Beam’s talents on the soccer field have long been noted by Kilby, along with all of those defenses that have made her the focal point of their efforts, evident from the DIAA All-State and All-Conference honors she’s earned, going all the way back to her freshman campaign. But where those talents would lead her wasn’t so evident until this past August. In fact, before a late visit to Richmond at the end of July, Beam had her sights set somewhere else.

“It was just a two-day ID clinic at the end of the summer,” she explained. “I thought I was definitely going to go [to a different school], but I went down to Richmond to check it out.”

Not only had Richmond decided on Beam after getting to see her play in person, but after visiting, Beam was decided on Richmond, too, when they called just a few days later with an offer.

“It’s a smaller-size school, but their academics are top-notch,” Beam said of her change of heart and ultimate decision. “Their coaches are really great, and the team was really welcoming. It just seemed like it was a program I wanted to be a part of. It was right for me.”

After getting to experience the school, committing may have been an easy call, but even with all of her natural ability, the road to Richmond has still involved its fair share of hard work. In addition to playing for the Indians, there have been travel teams, club teams, tournaments, showcases and even international trips to Europe to push her game to the next level.

Most notably, she’s been traveling north year-round to play for premiere-level club FC Philadelphia, all the while training at the River Soccer complex on her “off-days.”

To anyone else, that might seem like a lot of soccer. But, to Beam, that’s just the way it’s always been.

“It’s just [always] been there. It’s just something I love,” she said of her dedication to the game. “It’s just fun. When I was younger, I would always go out in the back yard and play, either by myself or with my dad or my sister. I would play in the living room all the time — I would be kicking the ball against the couch all the time. I would use both feet, actually. That’s why [now] I can use both feet evenly.”

“We used to break stuff in the living room,” said Beam’s father, Mark Beam, with a laugh. “We would move all the furniture out of the way.”

There is, of course, such a thing as too much soccer — even for players like Brooke Beam. Despite her love for the sport, Beam emphasized the importance of keeping other interests when asked what her advice for younger players with similar goals would be.

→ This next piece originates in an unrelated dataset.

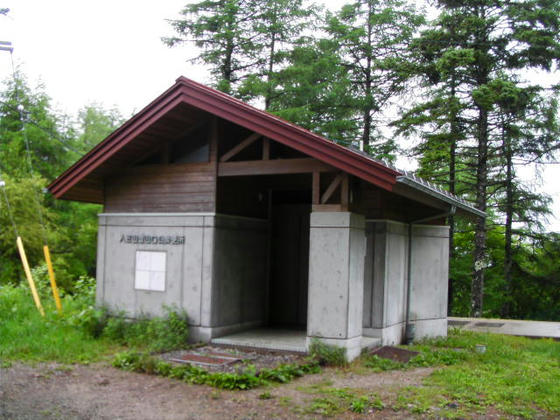 1611　下山完了。駐車場下にはこんな立派なトイレもあります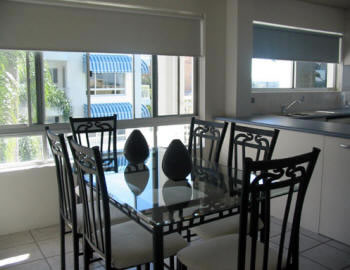 Estoril On Moffat Holiday Apartments - Accommodation QLD 9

“I would say don’t burn yourself out with it. When I was younger, I would play a lot because I loved it, but I didn’t start going to two-hour training sessions away from home until I was probably 16 or 17,” she said. “Keep involvement with other things that you like, too, instead of just one thing. Don’t limit yourself.”

That’s what she’s aiming to carry on at college, when — in addition to continuing to put her main focus on her academics as biology major — she’ll also look to minor in art, one of her long-time non-soccer interests.

This spring, Beam still has some business to take care of, when she and the Indians aim bring home the school’s first-ever state title for girls’ soccer, and when Beam will have a chance to eclipse the 100-goal mark in her high school career. And after that, there’ll be a whole new set of goals on the list — the first one being getting on the field for the Spiders as soon as possible and helping a young squad in any way that she can.

“Wherever the coach wants me to play, that’s where I’ll be,” Beam said.